1. Field of the Invention
The present invention relates to a method and a device for producing ammonia from biomass and, more particularly, to a method and a device for producing ammonia with improved efficiency while consuming less energy.
2. Description of the Related Art
Conventionally, ammonia is produced through the Haber process (also known as the Haber-Bosch process or the Fritz-Haber process). However, the chemical reconstitution is slow in reactive efficiency. Thus, the conventional method can not fulfill economic need.
Pursuant to continuing improvement in the converting techniques for converting bioenergy, bioenergy conversion has been widely applied in various processes in the chemistry industries. More importantly, various elements contained in the air are important sources for bioenergy conversion and recycling. At the present stage, elements contained in the air can be converted into useful materials through burning, thermal chemical conversion or biochemical conversion, seeking reduction in the consumed energy for producing ammonia while attaining recycling of environmental elements.
In Taiwan Patent Publication No. 200510249 entitled “METHOD FOR THE POINT OF USE PRODUCTION OF AMMONIA FROM WATER AND NITROGEN”, a method for producing high-purity ammonia, high-purity hydrogen and high-purity nitrogen out of deionized water and standard nitrogen is proposed. In this method, oxygen is removed from the deionized water, and the oxygen-free deionized water is sent to an electrolytic hydrogen generator to produce hydrogen. Then, the hydrogen is purified and mixed with purified nitrogen. The mixture of the purified hydrogen and the purified nitrogen is then compressed. The compressed mixture is sent to a catalytic ammonia reactor for purification. Finally, the nitrogen, the purified hydrogen and the purified nitrogen are sent to a semiconductor processing machine.

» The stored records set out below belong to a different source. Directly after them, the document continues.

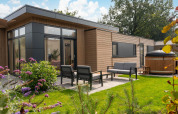 Outdoor view of the modern Cannenburch Deluxe lodge with patio and hot tub at Veluwe park de Bosgraaf, Netherlands.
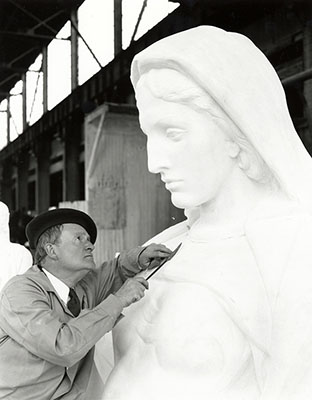 Sculptor James Earle Fraser refining Contemplation of Justice, May 1934. Born in Minnesota in 1876, Fraser studied at the Art Institute of Chicago and at the École des Beaux-Arts in Paris.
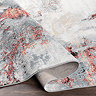 image of grey and red marbled abstract rug folded slightly to show its pile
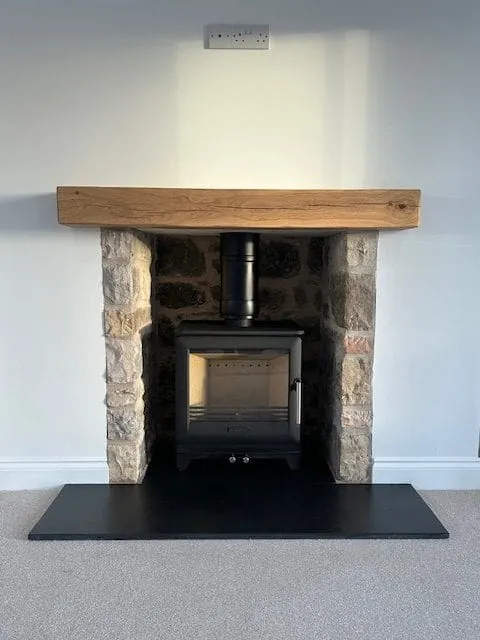 Stove in a natural stone surround with oak beam by Agnew Chimney Engineering Glasgow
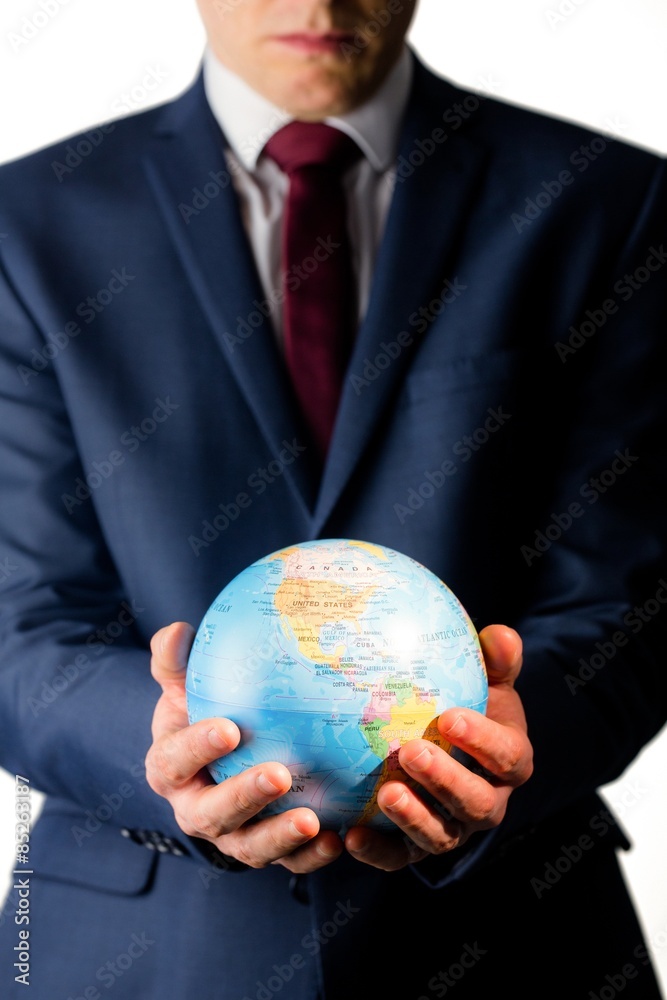 Hand of businessman holding terrestrial globe Hand of businessman holding terrestrial globe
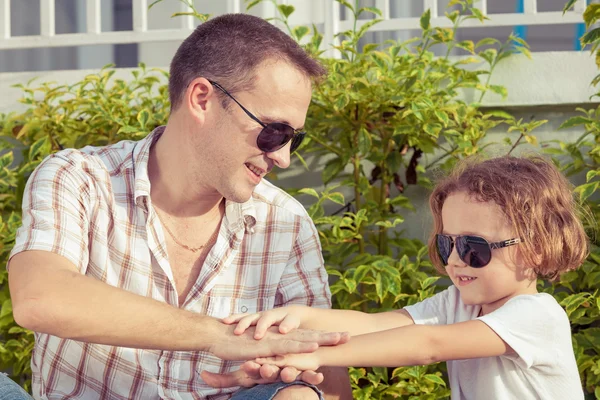 Vader en zoon spelen in de buurt van een huis op het moment van de dag. — Stockfoto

Conventionally, pure gaseous nitrogen directly reacts with gaseous hydrogen obtained from water electrolysis to form the ammonia. However, the bond strength between the hydrogen atom and the oxygen atom of liquid water at normal temperature and normal pressure does not permit separation of the hydrogen atom from the oxygen atom. An external strong current must be provided to electrolyze liquid water to obtain gaseous hydrogen and gaseous oxygen, which consumes considerable energy and requires a long period of time of electrolysis to release sufficient gaseous hydrogen. Thus, the yield of gaseous hydrogen is low, because it is obviously limited to the reaction time of water electrolysis. This leads to a low production efficiency of the gaseous hydrogen, affecting the production efficiency and yield of subsequently formed ammonia.
Furthermore, during the process of electrolyzing the liquid water into gaseous hydrogen and gaseous oxygen, only the gaseous hydrogen is used to react with the gaseous nitrogen to obtain ammonia. Namely, the oxygen is not effectively used, leading to waste and failing to meet the goal of recovering energy.
Thus, a need exists for a method and a device for producing ammonia with improved production efficiency while recovering energy.